During this time, her old singing teacher, Andrea Costa, sued her for 50% of her operatic earnings, based on the contracts that her parents and husband had signed. In Paris, in November 1839, she gave birth to her second daughter, Marianna Emma Clotilde Lucrecia Albertazzi. She soon returned for a summer concert tour of Europe and Britain. At the end of 1840, she rejoined the Théâtre des Italiens and followed the season with touring in Europe, avoiding London where the Costa case continued in the courts and the press. In 1841–1842, along with her operatic roles, Albertazzi continued to sing in may concerts, including in the première of Rossini's Stabat Mater.

She then gave concert tours in Italy and France, and gave birth to a third daughter, Fanny. In May 1843 she appeared as Adina in L'elisir d'amore at the Princess's Theatre in London, where she appeared in other roles that season, also singing in concerts in England. In January 1845, her fourth daughter, Emma Victorine Sarah Violet Albertazzi, was born. Albertazzi again earned warm reviews for her concert work during the 1845 season. After two seasons away from the operatic stage, she returned in June 1846, singing several roles at the Surrey Theatre. From October 1846, for the world premiere of Loder's opera The Wilis, or The Night Dancers, she sang the role of Giselle.
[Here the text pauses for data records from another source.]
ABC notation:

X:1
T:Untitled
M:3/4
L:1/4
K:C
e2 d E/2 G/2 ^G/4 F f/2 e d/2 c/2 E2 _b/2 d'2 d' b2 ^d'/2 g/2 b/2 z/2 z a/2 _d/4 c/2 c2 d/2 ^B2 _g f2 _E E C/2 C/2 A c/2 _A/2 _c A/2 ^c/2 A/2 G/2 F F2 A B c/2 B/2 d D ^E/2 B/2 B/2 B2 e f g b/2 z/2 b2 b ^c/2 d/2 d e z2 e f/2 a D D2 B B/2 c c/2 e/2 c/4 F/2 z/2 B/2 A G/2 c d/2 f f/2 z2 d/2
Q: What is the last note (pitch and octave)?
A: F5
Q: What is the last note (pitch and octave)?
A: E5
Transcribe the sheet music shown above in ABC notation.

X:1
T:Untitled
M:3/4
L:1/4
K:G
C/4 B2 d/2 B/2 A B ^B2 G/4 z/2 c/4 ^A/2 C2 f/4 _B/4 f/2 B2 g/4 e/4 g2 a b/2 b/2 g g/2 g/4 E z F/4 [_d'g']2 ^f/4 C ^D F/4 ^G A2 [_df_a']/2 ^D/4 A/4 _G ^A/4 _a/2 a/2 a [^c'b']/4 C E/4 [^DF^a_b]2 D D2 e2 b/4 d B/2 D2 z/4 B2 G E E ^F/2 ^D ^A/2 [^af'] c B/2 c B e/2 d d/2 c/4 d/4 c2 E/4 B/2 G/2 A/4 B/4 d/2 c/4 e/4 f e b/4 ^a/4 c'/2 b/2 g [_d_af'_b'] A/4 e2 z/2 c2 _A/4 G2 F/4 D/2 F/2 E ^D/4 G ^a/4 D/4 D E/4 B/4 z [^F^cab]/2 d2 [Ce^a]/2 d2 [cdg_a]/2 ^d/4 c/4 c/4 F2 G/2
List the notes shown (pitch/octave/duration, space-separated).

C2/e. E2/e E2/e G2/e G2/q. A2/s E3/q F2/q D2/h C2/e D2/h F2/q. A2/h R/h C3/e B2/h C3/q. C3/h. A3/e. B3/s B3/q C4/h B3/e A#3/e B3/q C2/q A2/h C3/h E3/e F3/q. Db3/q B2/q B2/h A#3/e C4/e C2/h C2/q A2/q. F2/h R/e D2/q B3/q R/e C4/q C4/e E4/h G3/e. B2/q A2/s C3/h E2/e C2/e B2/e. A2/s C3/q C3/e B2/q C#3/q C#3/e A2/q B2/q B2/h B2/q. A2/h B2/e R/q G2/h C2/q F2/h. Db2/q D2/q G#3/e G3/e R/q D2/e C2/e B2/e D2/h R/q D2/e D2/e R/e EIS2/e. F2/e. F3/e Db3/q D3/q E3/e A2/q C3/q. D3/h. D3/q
She withdrew by January 1847 and gave birth to her fifth daughter, Sarah Henrietta Mary Albertazzi. She returned to the concert stage shortly thereafter, performing until March.

Albertazzi became ill that spring and died from tuberculous meningitis in September at her home in St John's Wood, London, at the age of 32.

==Reputation==
In 1837 the critic of London's The Musical World called Albertazzi "a superb contralto with great range of compass upwards and though rather deficient in the descending scale, great flexibility, lightness and volume, correct intonation and polished execution. Her upper notes are equally steady and as full as those of a soprano; her great deficiencies are in power and in that animation which distinguishes the children of the south. Her transition to falsetto was without a break, and could she but throw her heart into her singing, we could have nothing against her. Her acting is miserably tame but ladylike and self-possessed. To see her Cenerentola ... was a rich treat". According to Baker's Biographical Dictionary of Musicians, she had a fine voice, but no passion or animation in singing or acting. Henry Fothergill Chorley expressed the same view in his musical memoirs. However, his near contemporary, dramatic author, Edward Fitzball took a different view: "As Ninetta in La Gazza Ladra, a more beautiful representative ... never presented itself to the tearful eye, or tender heart. ... Her voice was unsurpassable. ... Her singing of 'Di Piacer' is not to be described. [Her] … voice and execution have seldom been surpassed by a foreigner.